# How much Christmas decorations do you have? Do you create your own wreath for door?



## PamfromTx (Nov 21, 2021)

Pics used are from Pinterest.  I need to downsize my decorations and soon.  It's a good time to donate because Christmas is approaching.


----------



## palides2021 (Nov 21, 2021)

We keep our Christmas decorations in a box, stored in the closet. Each year, we take it out and unwrap the ornaments, tinsel, etc. The Christmas tree lights are in a separate box. We also have a wooden Nativity Scene I place over the piano. The Christmas lights and reindeer for outside are stored in the garage.  It has become a family tradition to put up the Christmas tree just after Thanksgiving, and that's a nice ritual we have, with music and good cheer. I love the final part - where we light up the Christmas tree! Feeling good just thinking about it!


----------



## Aunt Bea (Nov 21, 2021)

I downsized holiday decorations a couple of years ago.

I still have one small box with a ceramic tree, nativity, and a couple free standing ornaments.

This year I’m going to leave the box in the closet and buy a big fat poinsettia.

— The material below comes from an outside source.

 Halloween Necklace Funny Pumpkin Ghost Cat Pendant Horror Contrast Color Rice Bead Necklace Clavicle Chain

If Christmas arrives on time, as usual, I’ll donate the box to a charity shop before the new year.


----------



## Murrmurr (Nov 21, 2021)

I do have a home-made wreath but I hang it on the inside of the door because I worry it'll get stolen.

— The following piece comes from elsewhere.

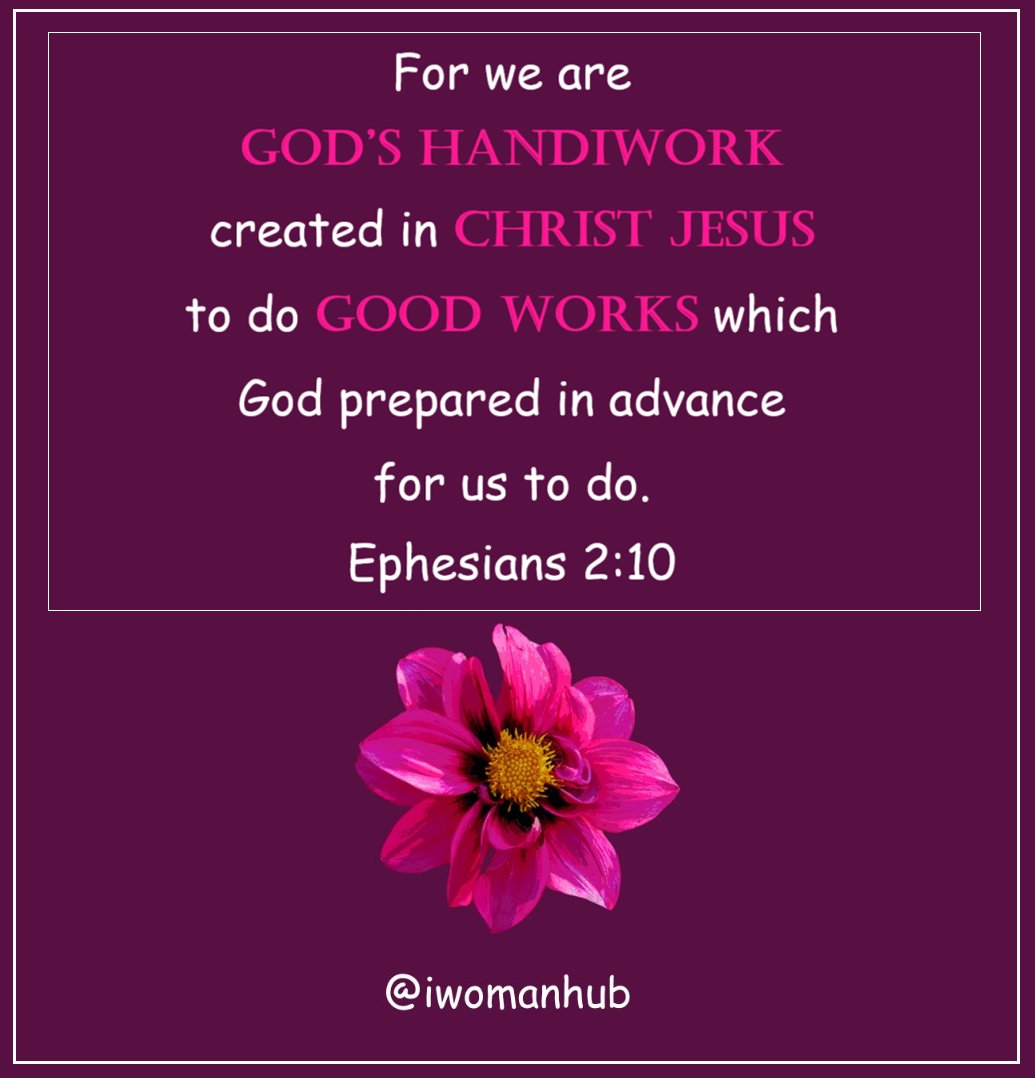 IWomanHub's tweet photo. You are God’s masterpiece created for a divine purpose. Walk in it boldly. He’s got you!

#Ephesians2v10 #ScriptureTruth #GodsMasterpiece #PurposeDriven #GoodWorks #FaithInspiration #ChristianLiving #Identity #RootedInChrist #SupernaturalImpact
@iamtheLadyDerby @IWomanTalks https://t.co/KWGvD2Y6Bn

I used to set up a little lighted village on my bookshelves, a train set under the tree, and light-up snowflakes for the walkway outside, but I gave all that away when I moved to this apartment several years ago. 

Now I have a pretty decent artificial tree and a few boughs of pine and holly that I hang above some windows, also artificial. 

But Michelle has some hall-decking stuff of her own that I'll be seeing for the first time. Should be fun figuring out what will go where and all that.


----------



## Ruthanne (Nov 21, 2021)

I have a pretty small Christmas  tree, a short set of lights and a red and green weird looking decoration.

The Christmas tree has attached ornaments.

And that's it.  I really don't have room for any more.

I enjoy looking at other people's decorations on my street.  There are some beautiful ones.


----------



## Jules (Nov 21, 2021)

I sold the tree.  It hadn’t been used in years.  In the front window, I set up a small pottery village that a friend made.  In the office window, it‘s a collection of old Santas and some lights.  DH has a box his sons decorated about 40 years ago and that holds our decorations.  If the box didn’t have sentimental attachments, it would be downsized.  I put a silver wreath on the front door.


----------



## jujube (Nov 21, 2021)

I have a 4' tree that I decorate with cardinals and snowflakes, a wreath for the front door, two big candy canes that loop over my two garage lantern lights, my two pink flamingos wearing Santa hats, scarves and blinking red noses, and a few sentimental tchochkis saved from the purging of my collection of more than 1,000 Santas.   I might or might not put some battery-operated candles in the front windows, depending on the degree of Grinchiness I'm feeling that particular year.


----------



## Shero (Nov 21, 2021)

I do not have any Christmas decorations and promised myself that I will not be collecting "stuff", so I am going to cut branchs off some of the beautiful trees in our garden and decorate with some twinkling white light. Sure to look sweet!


----------



## Ruthanne (Nov 21, 2021)

Aunt Bea said:


> I downsized holiday decorations a couple of years ago.
> 
> I still have one small box with a ceramic tree, nativity, and a couple free standing ornaments.
> 
> ...


That's a good idea about the Poinsettia.  I would do that too but can't because they are poisonous to birds.  Can't risk putting one out and have my bird take a bite.  She generally stays away from my plants but still... I'd worry.


----------



## dseag2 (Nov 21, 2021)

We always have a wreath on the door, but we haven't had a tree for the past several years because we have gone out of town for Christmas and have had a "Friskies" cat that would totally get in the tree and knock it down.  We are staying home this year and our cats have gotten older, so fingers crossed!


----------



## PamfromTx (Nov 22, 2021)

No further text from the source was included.